Areas of concentrated deprivation are produced by at least two key factors – first, a population of households and individuals generated by the economic system we inhabit (so obvious yet so very important!) and second by the nature of public and private housing systems that sort people into estates and neighbourhoods with bundles of more or less desirable qualities and proximity to essential services, amenities and employment opportunities. One way of thinking about the impact of this social mosaic is to consider a thought experiment. Imagine twins who, at birth and incredibly cruelly, were separated and moved to the most affluent and deprived neighbourhoods in the country. What experiences, challenges and advantages do you think they would each face as a result of developing in these different contexts? Such an experiment goes some way to forcing us to think about how we might plan to tackle general levels of deprivation, but also think through how to encourage more socially diverse areas.

One possible way to imagine a template for neighbourhood planning would be to randomly allocate people to all local areas in the country.

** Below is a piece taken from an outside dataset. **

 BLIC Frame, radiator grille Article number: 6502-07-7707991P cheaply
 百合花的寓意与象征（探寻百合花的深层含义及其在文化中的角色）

This interesting thought experiment forms the basis of an article by Danny Dorling and Phil Rees. Yet it isn’t a million miles away from the ambitions of planners to create socially diverse localities by engineering variables like housing tenure, building size and type and so on. The idea of a random neighbourhood that thereby draws in a good cross-section of people with varying incomes, class, gender, sexuality, occupations and ages can be used to think through the benefits of social mix and diversity – how they might be optimised to generate greater inclusion, lower reliance on services and a broader social base of daily contact. This image stands in contrast to the kinds of areas of concentrated deprivation and exclusion that we see in many towns and cities. This isn’t just about the lumpy areas of concentrated exclusion but also necessarily about the nature of concentrated wealth and its obliviousness to social distress.

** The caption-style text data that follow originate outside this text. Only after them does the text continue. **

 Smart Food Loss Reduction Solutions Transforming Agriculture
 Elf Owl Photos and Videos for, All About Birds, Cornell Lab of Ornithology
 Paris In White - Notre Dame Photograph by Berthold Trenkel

Visions of what an optimal neighbourhood might be have arguably been stunted by the absence of interest in neighbourhoods by the current government, and no doubt the continued de-funding of policies that have been shown to make a difference at this level in the pursuit of deficit reductions. We don’t have neighbourhood policies, local programmes, forms of social investment and catalysts to mitigate against the way that capitalism will always tend to produce big winners and losers. Without recognition of the need to make concessions the kind of anger expressed at housing shortages (among many other areas of social need) are likely to become much more concerted, aggressive and generate wider appeal. Perhaps more importantly we need to look to and understand how the places and virtues of concentrated affluence and economic growth in the south-east shape the policy ambitions of our political elite. Their disconnection (from the lived reality of poor living environments, denuded public services) takes away any urgency to providing vehicles for mass employment in the post-Fordist heartlands. For those arguing that to improve our chances we should somehow get on our bikes and join the glittering economic heartlands of the south-east we need to recognise not only the segregation and distress of the capital itself but also how very broken and over-stressed that system is already. We need more imagination around local and regional planning as well taxes on wealth and income to even begin to start to redress these unacceptable gaps between rich and poor.